**ACTIVITY**
I'd like the data below restated word for word, with the pictures left out.

**DATASET EXTRACT**
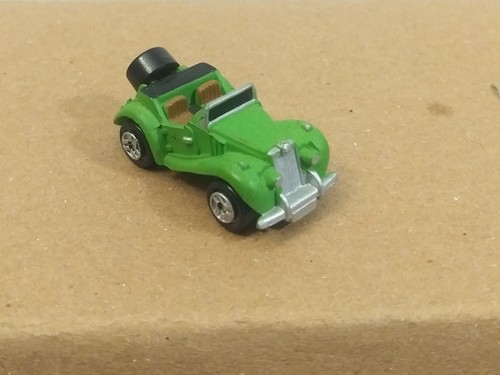 1986 Micro Machine - 1936 MG T-Type Roadster Convertible GREEN - Picture 2 of 9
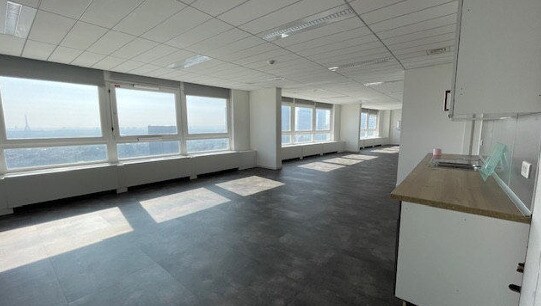 Bureau dans Courbevoie à louer - Photo intérieure - Image 3 de 8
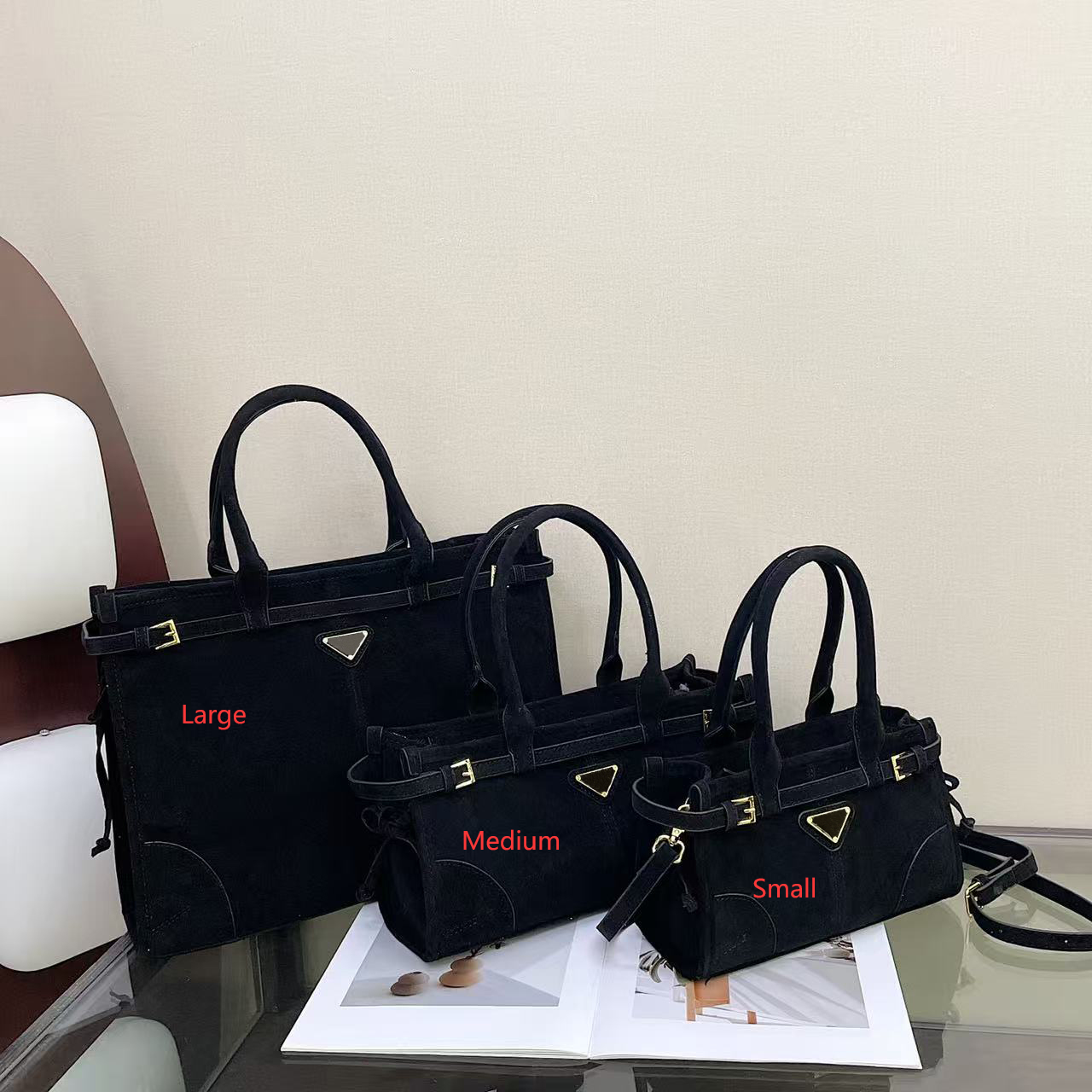 Purse Shoulder Crossbody Designer 2025 Ladies Flap Fashion Handbag Square Leather Black Chain Mini High Quality Armpit Bag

**ANSWER BELOW**
 1986 Micro Machine - 1936 MG T-Type Roadster Convertible GREEN - Picture 2 of 9
 Bureau dans Courbevoie à louer - Photo intérieure - Image 3 de 8
 Purse Shoulder Crossbody Designer 2025 Ladies Flap Fashion Handbag Square Leather Black Chain Mini High Quality Armpit Bag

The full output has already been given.